→ **SUPPLIED DATA**
--- START ---
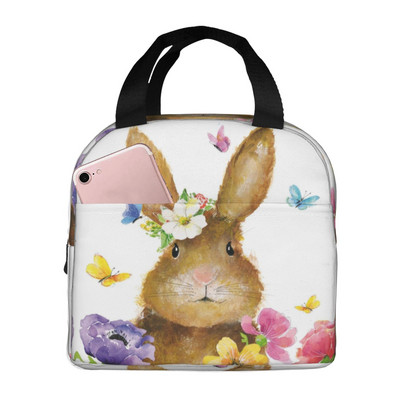 Mielas akvarelinis triušio izoliuotas pietų krepšys mokyklos biuro slaugai nešiojamas terminis aušintuvas pietų dėžutė moterims, vyrams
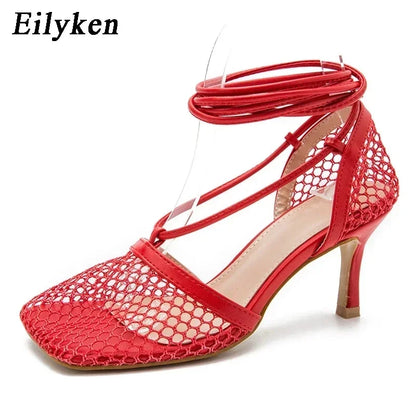 Mesh Lace-Up Stiletto Pumps – Square Toe Hollow Heels
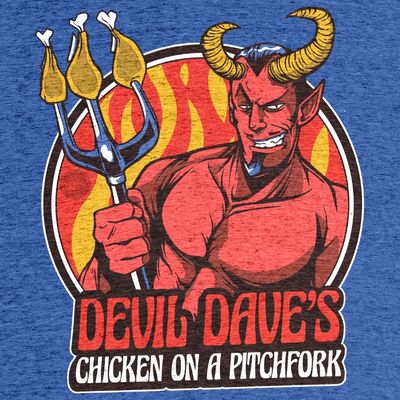 devil dave chicken on a pitchfork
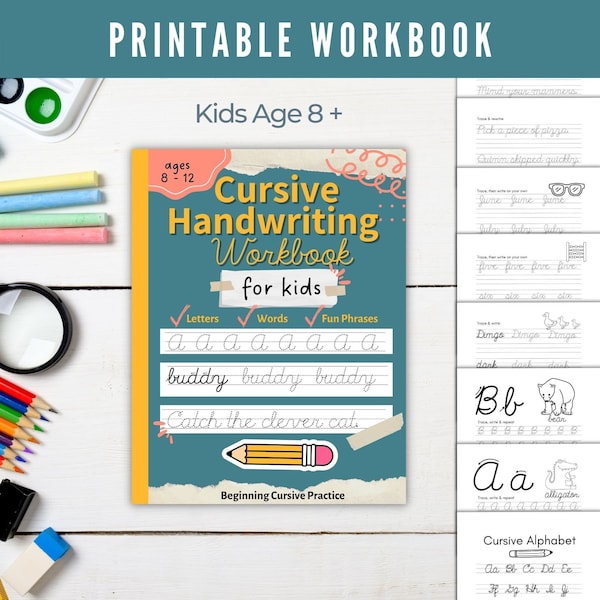 Cursive Handwriting Practice Worksheets for Kids, Printable Cursive Alphabet Letter Tracing, 92 Pages of Cursive Writing, Instant Download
--- END ---
Beginning at the line that contains "devil dave chicken on a pitchfork", retype each line of the data above through the very last one. Do not retype the pictures.

 devil dave chicken on a pitchfork
 Cursive Handwriting Practice Worksheets for Kids, Printable Cursive Alphabet Letter Tracing, 92 Pages of Cursive Writing, Instant Download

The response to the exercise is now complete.